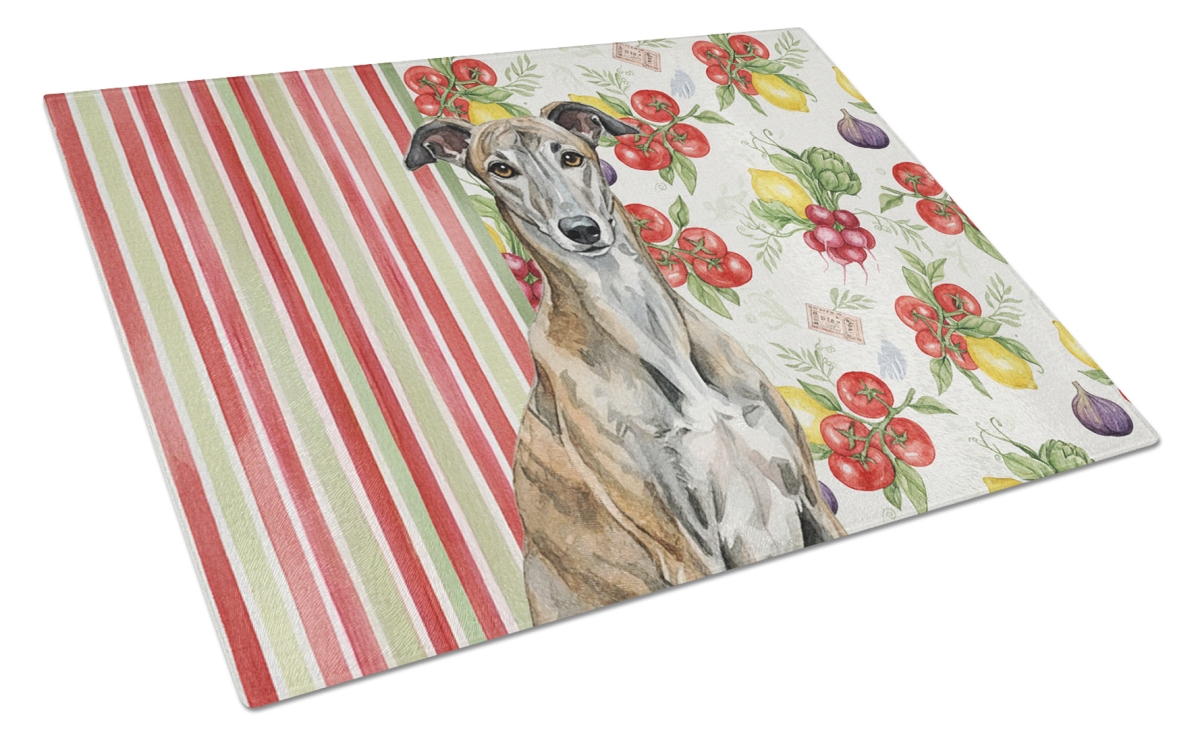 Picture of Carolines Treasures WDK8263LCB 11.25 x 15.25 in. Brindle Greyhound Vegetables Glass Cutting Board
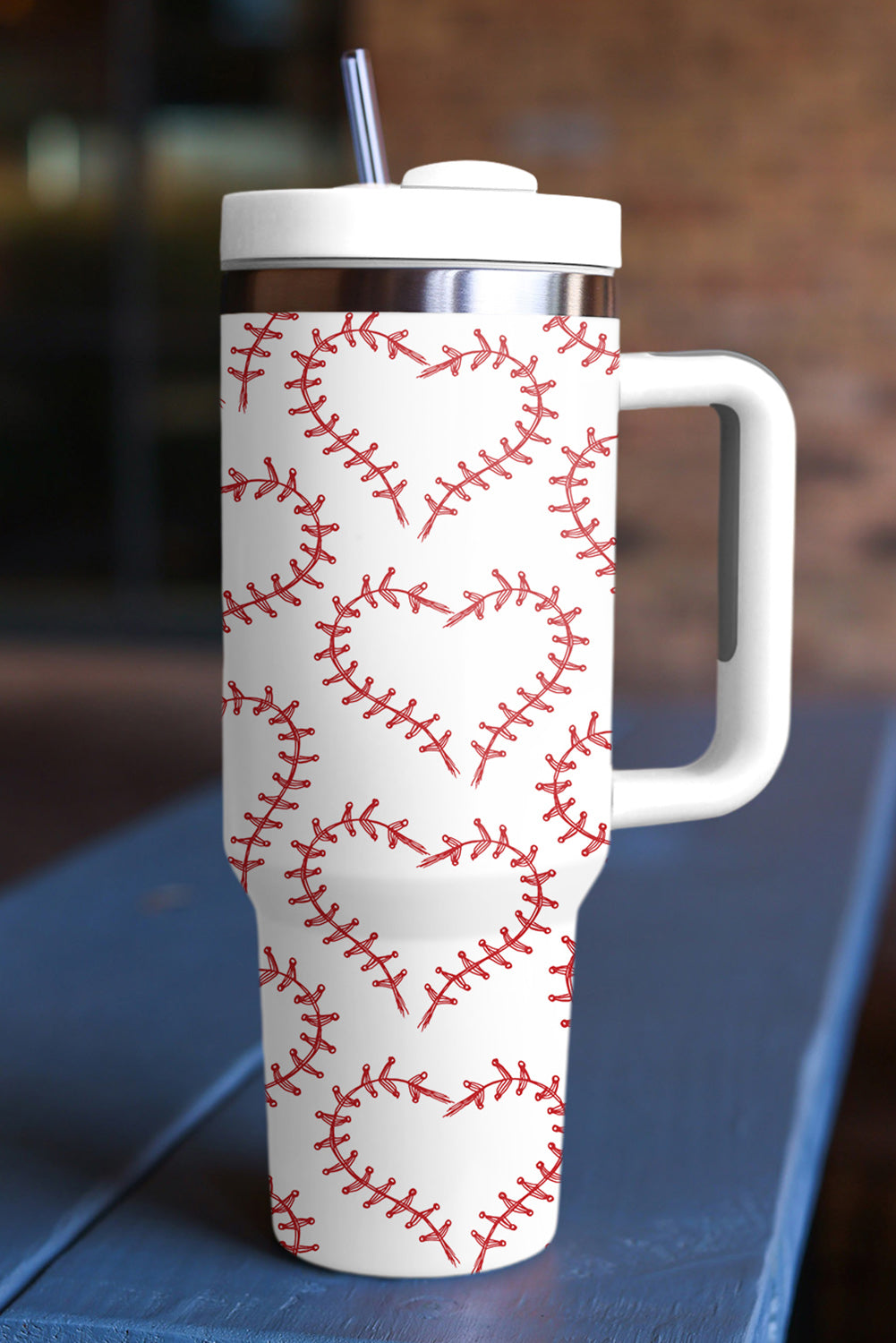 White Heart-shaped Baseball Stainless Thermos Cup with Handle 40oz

---

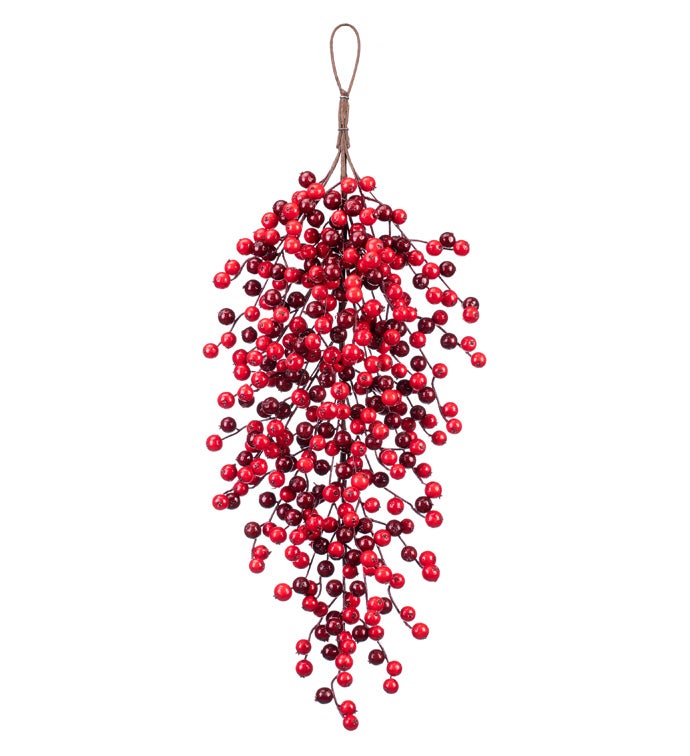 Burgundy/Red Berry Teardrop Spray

...

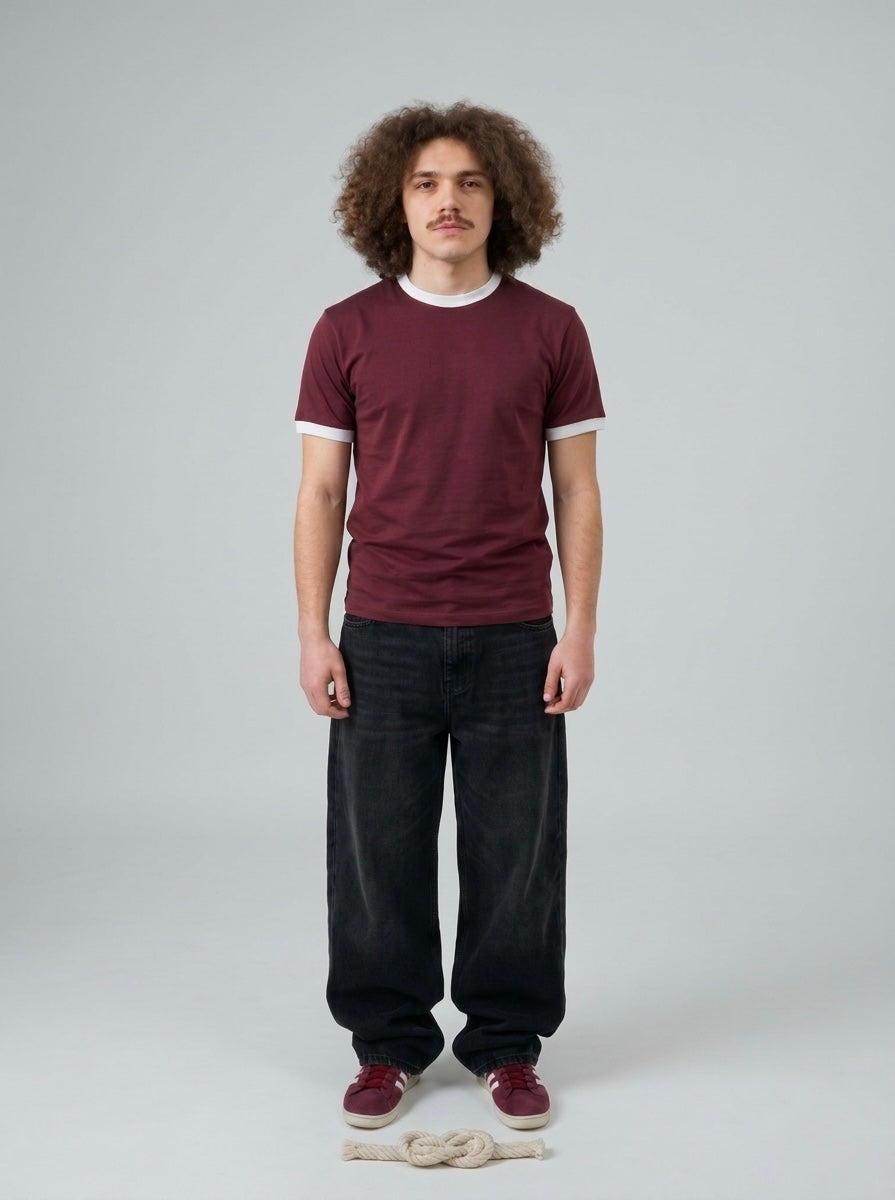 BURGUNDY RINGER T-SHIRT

> PROBLEM TO WORK ON: Please set down, exactly and with no pictures, the lines in the entries above starting at the one holding "Picture of Carolines" and ending at the one holding "White Heart-shaped Baseball", ends included.

> ANSWER SECTION:
 Picture of Carolines Treasures WDK8263LCB 11.25 x 15.25 in. Brindle Greyhound Vegetables Glass Cutting Board
 White Heart-shaped Baseball Stainless Thermos Cup with Handle 40oz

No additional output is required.